Exercise requirements: Reproduce every line of the data, exactly and without its pictures.

Data below:
══════════
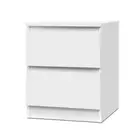 Bedside Table 2 Drawers PEPE White Artiss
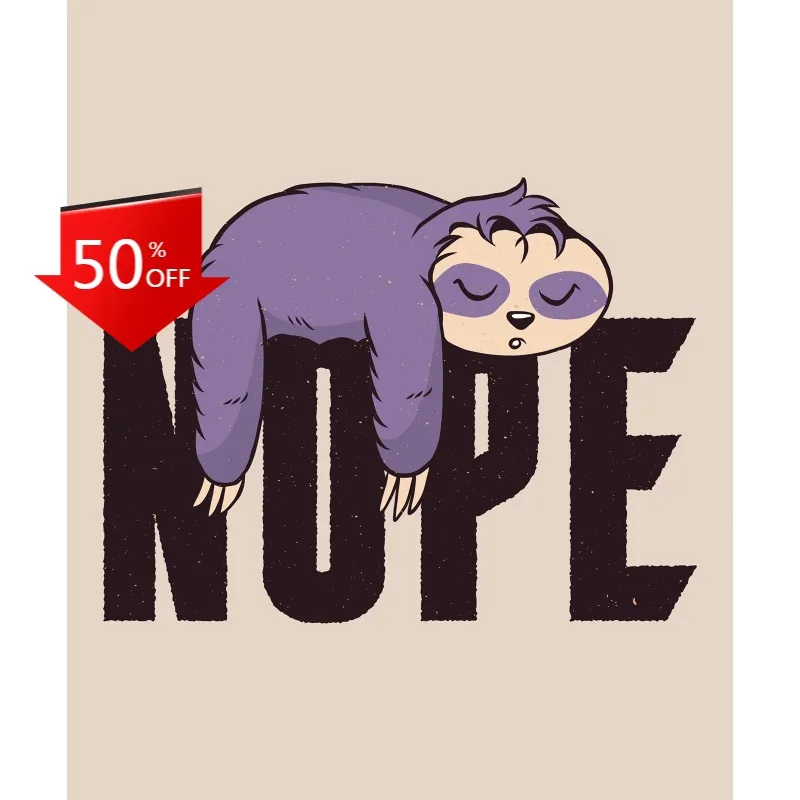 Sloth Nope Quote Sticker Sleepy Motivated Coffee Caffeine Animal Funny Laptop Occlusion Scratch Cartoon Decal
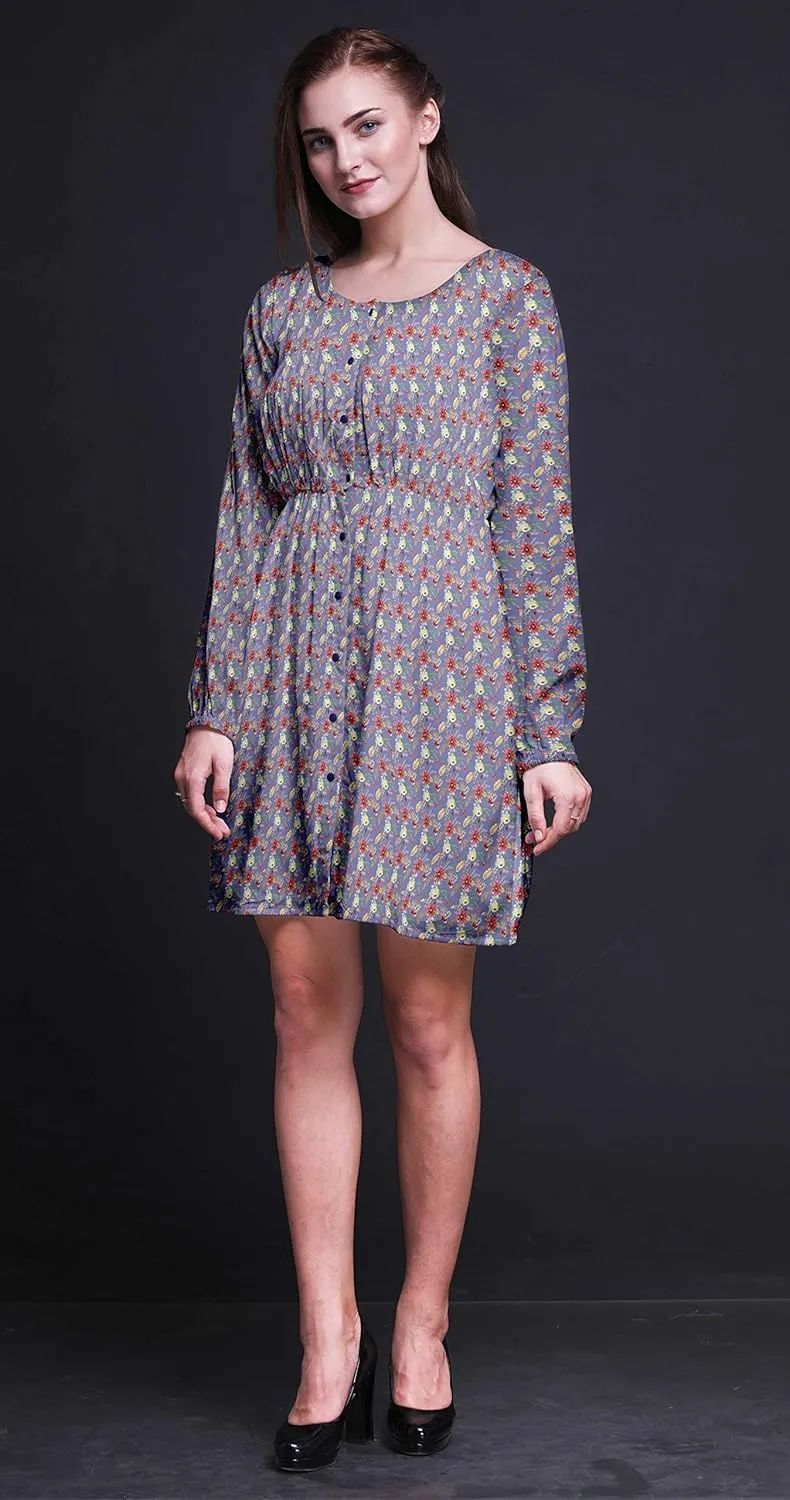 Bimba Button Down Midi Shift Dress Women Fashion Summer Causal Tunic Dress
══════════
Task response:
 Bedside Table 2 Drawers PEPE White Artiss
 Sloth Nope Quote Sticker Sleepy Motivated Coffee Caffeine Animal Funny Laptop Occlusion Scratch Cartoon Decal
 Bimba Button Down Midi Shift Dress Women Fashion Summer Causal Tunic Dress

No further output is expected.